Ferrel is back spreading holiday cheer, this time in a funny coat as the Ghost of Christmas Present. Working as a part of a team to infiltrate people’s dreams to change their unkind ways, he dreams of one day retiring and returning to the real world to live out his life. With his own fears holding him back and his desire to create real change eating away at him, Ferrel encourages the ghosts of Christmas Past, Future and Marley to take on an unredeemable. This is where Ryan Reynolds comes in with all his snarky glory.
Playing the CEO of a divisive media strategy consulting firm, we are led to believe that his company is responsible for some of the greatest online beefs without straying into political or racist rhetoric. Helping him create chaos is his number two, Kimberly played by Octavia Spencer. Once he falls asleep, Reynold’s Clint Briggs is immediately resistant to what these Christmas ghouls are doing, interrupting Mareley’s (Broadway star Patrick Page) creepy song and dance and seducing the ghost of Christmas Past (Sunita Mani).

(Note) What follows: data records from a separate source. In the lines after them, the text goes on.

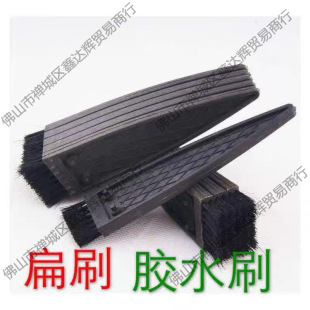 ��Ь��ˢ���zˢ�zˮˢ�ֹ������zˢ Ь��Ь��ˢ�z25mm-50mm������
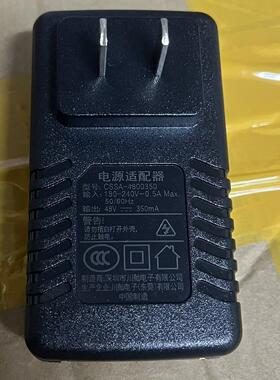 川舢电子POE电源适配器CSSA-4800350网口线供电模块48V350mA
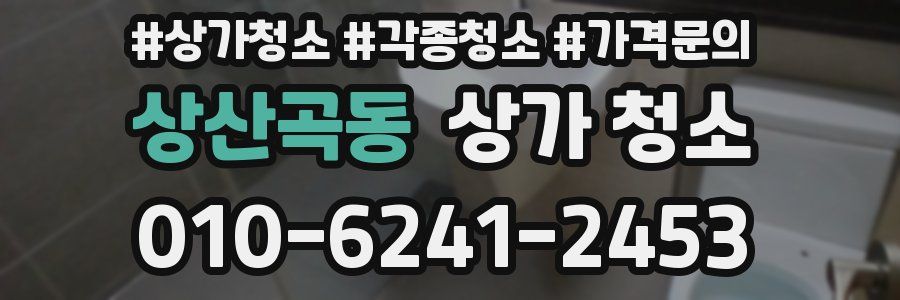 상산곡동 상가 청소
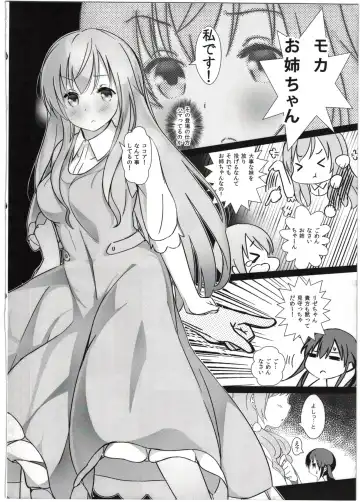 [Takemitz] Gochisou Usagi Mocha Milk Fhentai - Page 10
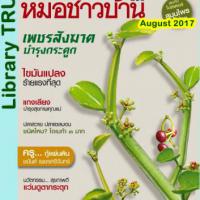 หมอชาวบ้าน (ปีที่ 39 ฉบับที่ 460 สิงหาคม 2560)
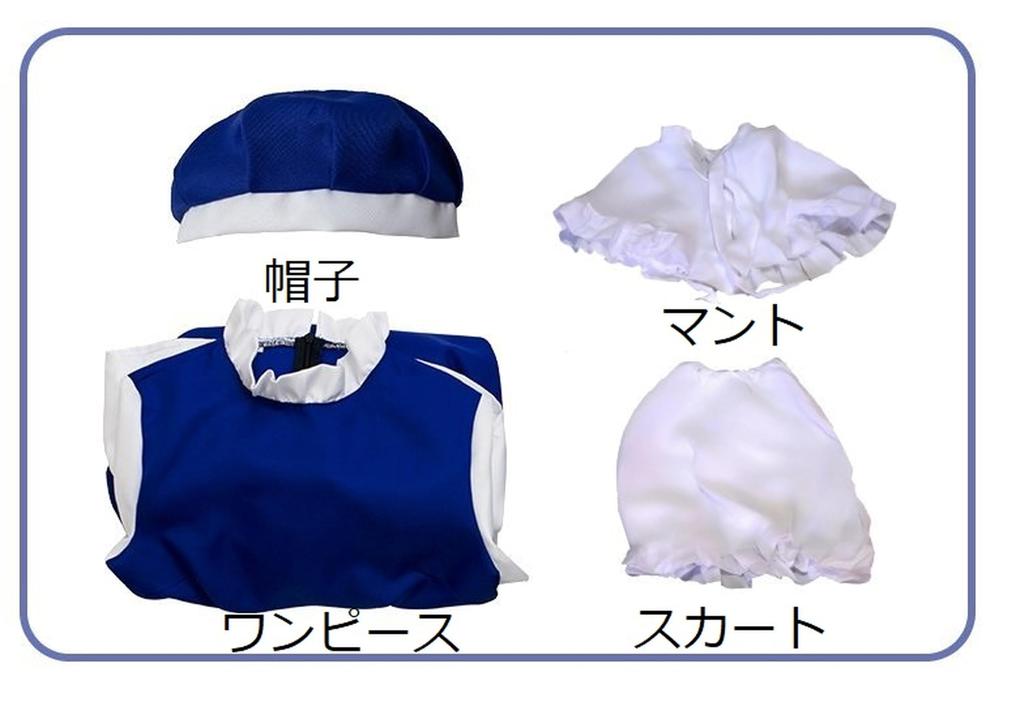 [Hosaku Co., Ltd.] Sakura Magical Girl Combat Uniform, Game Character Cosplay Costume, Event, Party, Disguise (Uniform, Size M)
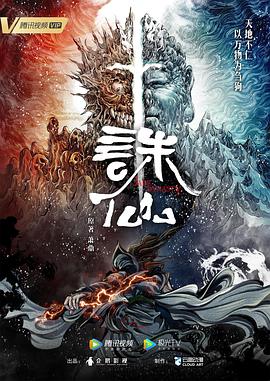 斯诺登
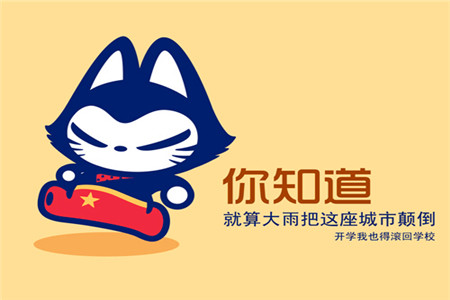 怎么让自己变幽默风趣 d0fc84b844814a85850f03acfd6e5b2f.jpeg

As the Christmas Carol story plays, co-writer and director Sean Anders and co-writer John Morris pack the story with unneeded twists and turns. While Pasek and Paul’s musical numbers are mostly endearing, the dancing, lighting, and colors of this production are overwhelming. Add that to the packed and hard-to-follow plot, and at its worst, Spirited feels like an overstimulating mess.
The film is at its best when it is at its most simple when Will Ferrell spits a clever one-liner and sings a song about it. No stranger to Christmas movies having made Elf, Ferrell works well as the Ghost of Christmas Present, full of holiday cheer and sincerity. It’s Reynold’s that brings down the festive vibe. Having played the same character for the last few years in Deadpool, Red Notice, and The Adam Project, Reynolds’ snarky asshole character just doesn’t work as the Scrooge type. Anders and Morris use Reynolds’ onscreen personality to derail the plot’s direction so often, the device gets old fast. You want the Christmas dream team to fail and find someone else to save as the Clint character just gets in the way of the story.
Spirited is not totally irredeemable. However, Ferrell’s performance, a clever lyric, and the occasional joke are not enough to save Christmas from Ryan Reynolds and the overstuffed plot.
Apple releases Spirited into select theaters on November 11th, before streaming on Apple TV+ beginning November 18th.